A Blickensderfer 5 typewriter, featuring a DHIATENSOR keyboard layout (with the most frequently used letters on the bottom row)
It was no thanks to this equipment that the President’s correspondence was caught up after three weeks, but rather “because neither of us paid any attention to the hours we put in. We simply worked till the work was done. And that was true as long as I was with him.” It wasn’t until 1898, when “the college finances were sufficiently prosperous that a brand-new Smith Premier was installed, which I used from then on until I left, in June, 1902.”

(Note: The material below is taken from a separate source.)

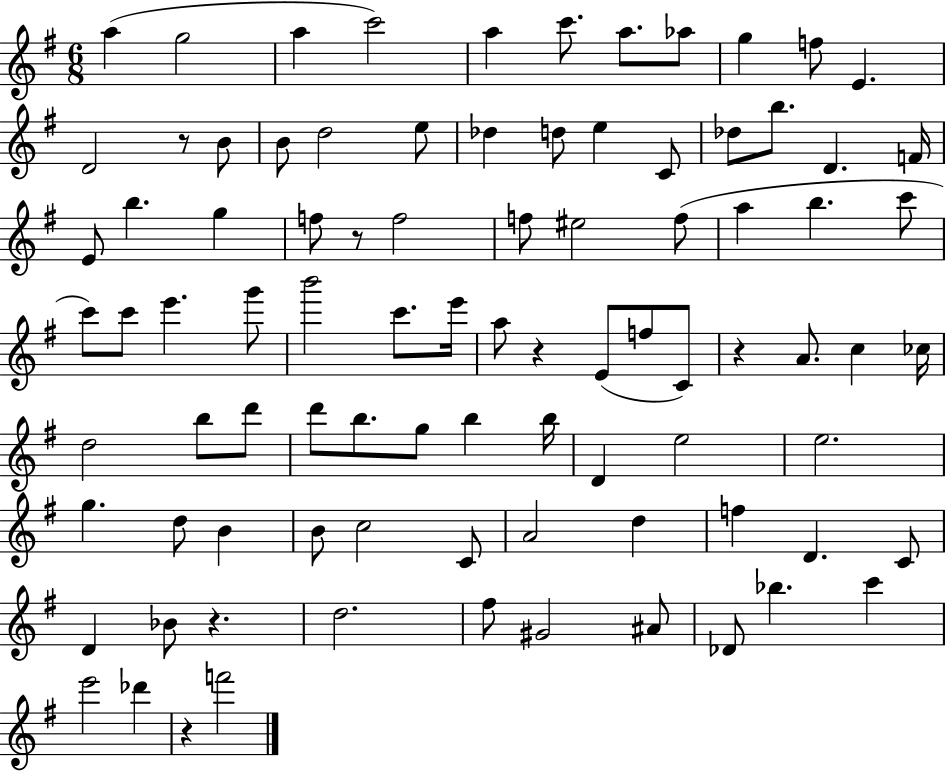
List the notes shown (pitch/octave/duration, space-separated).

A5/q G5/h A5/q C6/h A5/q C6/e. A5/e. Ab5/e G5/q F5/e E4/q. D4/h R/e B4/e B4/e D5/h E5/e Db5/q D5/e E5/q C4/e Db5/e B5/e. D4/q. F4/s E4/e B5/q. G5/q F5/e R/e F5/h F5/e EIS5/h F5/e A5/q B5/q. C6/e C6/e C6/e E6/q. G6/e B6/h C6/e. E6/s A5/e R/q E4/e F5/e C4/e R/q A4/e. C5/q CES5/s D5/h B5/e D6/e D6/e B5/e. G5/e B5/q B5/s D4/q E5/h E5/h. G5/q. D5/e B4/q B4/e C5/h C4/e A4/h D5/q F5/q D4/q. C4/e D4/q Bb4/e R/q. D5/h. F#5/e G#4/h A#4/e Db4/e Bb5/q. C6/q E6/h Db6/q R/q F6/h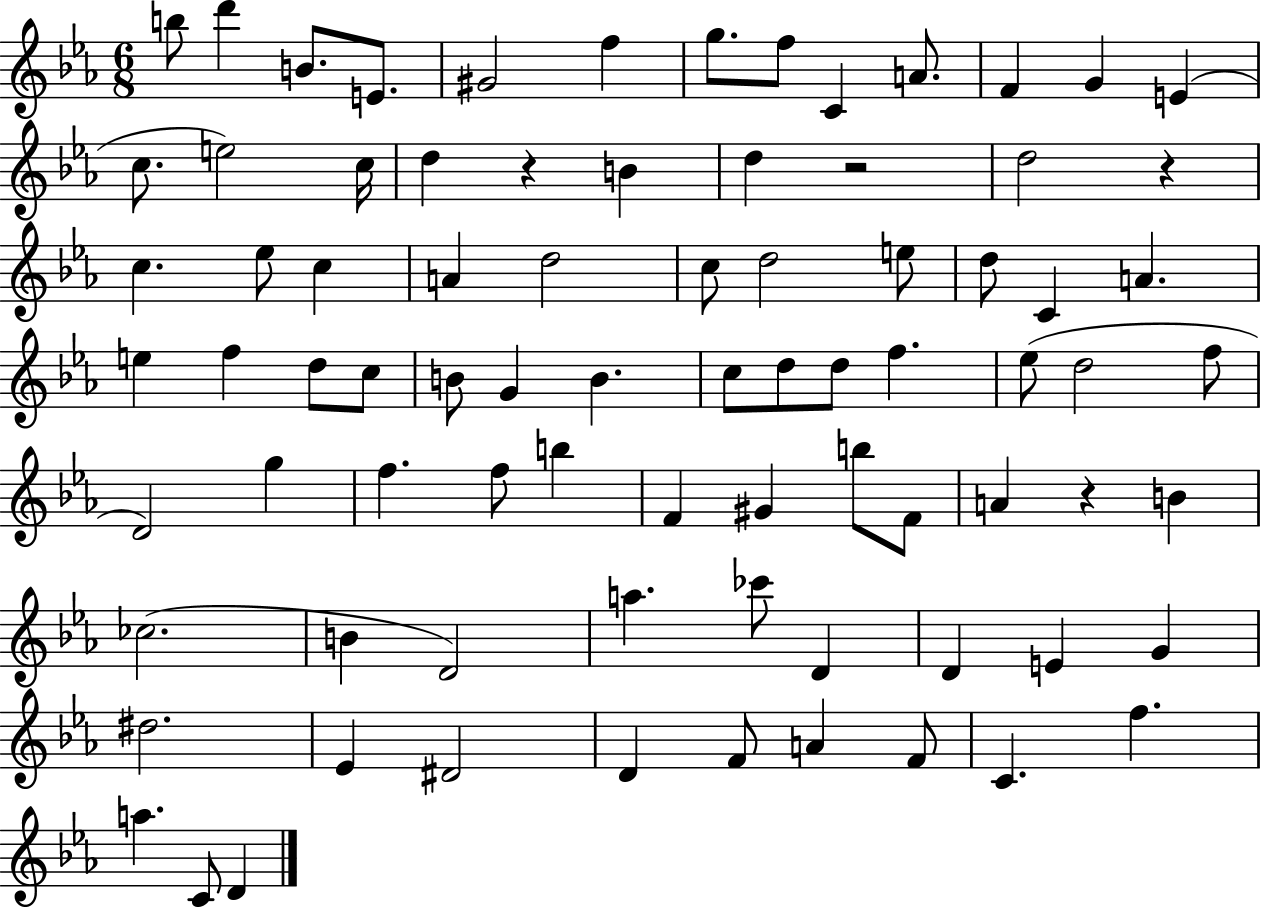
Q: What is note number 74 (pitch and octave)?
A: F5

At that time, the President had “the two rooms on the southwest corner of Pinehurst, Dr. Ward using the one opening out of the hall as his private office.” Emma recalled that when the office clipboard was full of letters, “we removed them, strung them together with a piece of twine and a darning-needle, and stacked them in the bottom of the closet in the private office.” As she described it, “The first two years, no record was kept of outgoing letters except my stenographic notes. Inasmuch as owning to the meagerness of my instruction I soon developed a system all my own, there was no particular loss when those records were burned in the fire that destroyed Knowles Hall.”
The remnants of the first Knowles Hall, which housed the College’s chapel, classrooms, administrative offices, and scientific equipment. The building burned down in December 1909.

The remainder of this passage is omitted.